Problem description
Repeat exactly the lines beginning at the one that contains "Anti-GBX2 antibody IHC" and running to the end of the material. Omit the pictures.
*** Opening of The data ***
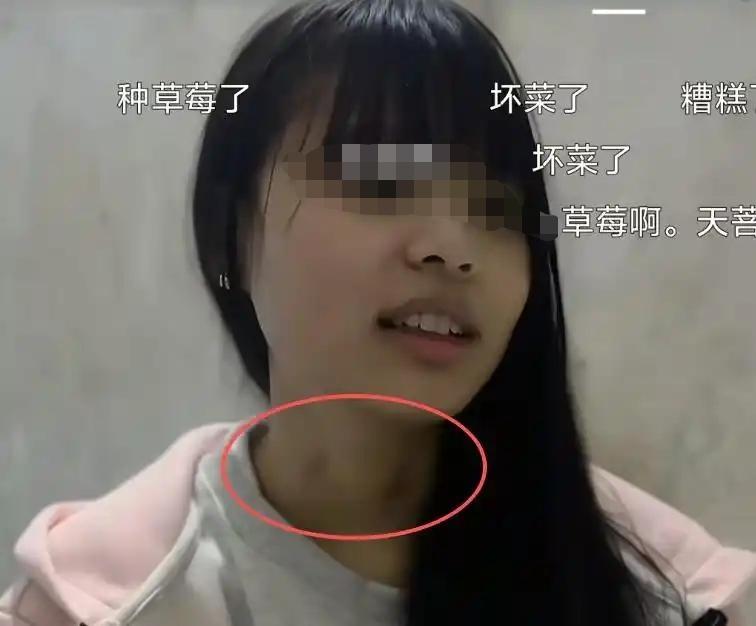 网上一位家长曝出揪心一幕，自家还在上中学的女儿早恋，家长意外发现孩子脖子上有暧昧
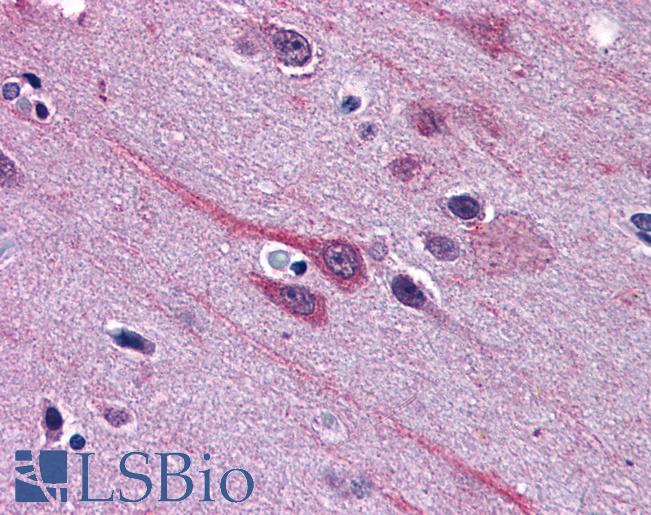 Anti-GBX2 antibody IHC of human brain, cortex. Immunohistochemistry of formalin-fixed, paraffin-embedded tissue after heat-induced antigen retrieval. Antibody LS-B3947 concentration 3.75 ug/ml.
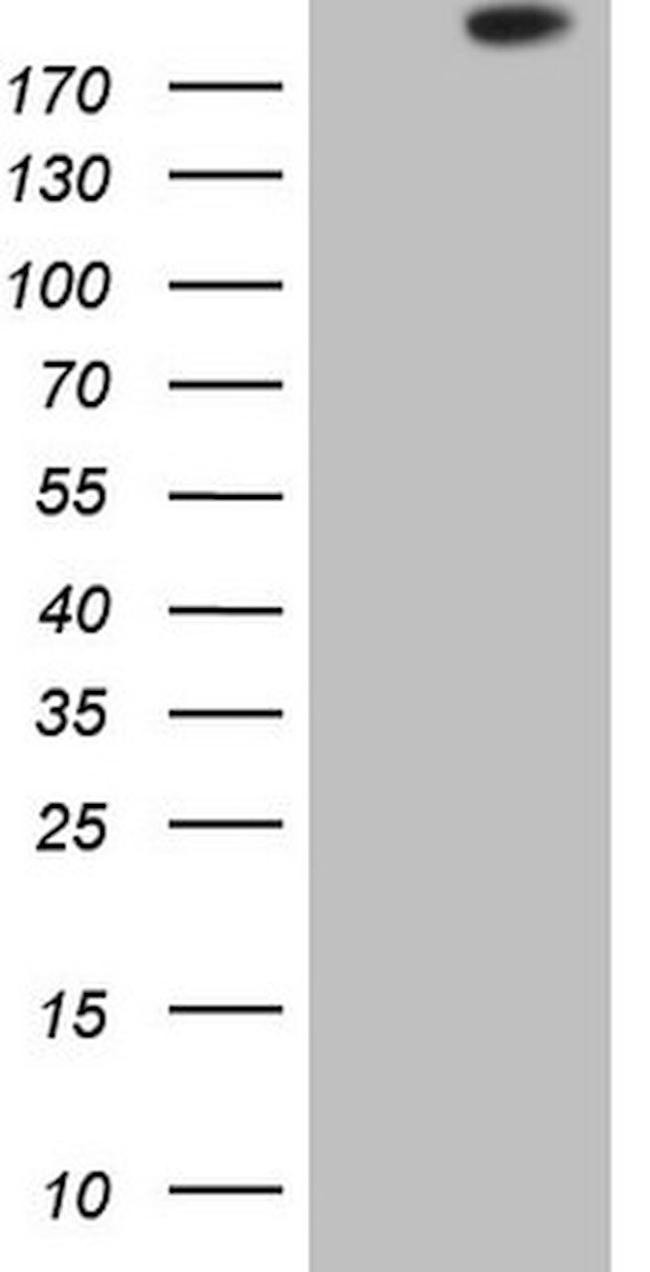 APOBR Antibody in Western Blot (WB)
*** Close of The data ***
Written answer
 Anti-GBX2 antibody IHC of human brain, cortex. Immunohistochemistry of formalin-fixed, paraffin-embedded tissue after heat-induced antigen retrieval. Antibody LS-B3947 concentration 3.75 ug/ml.
 APOBR Antibody in Western Blot (WB)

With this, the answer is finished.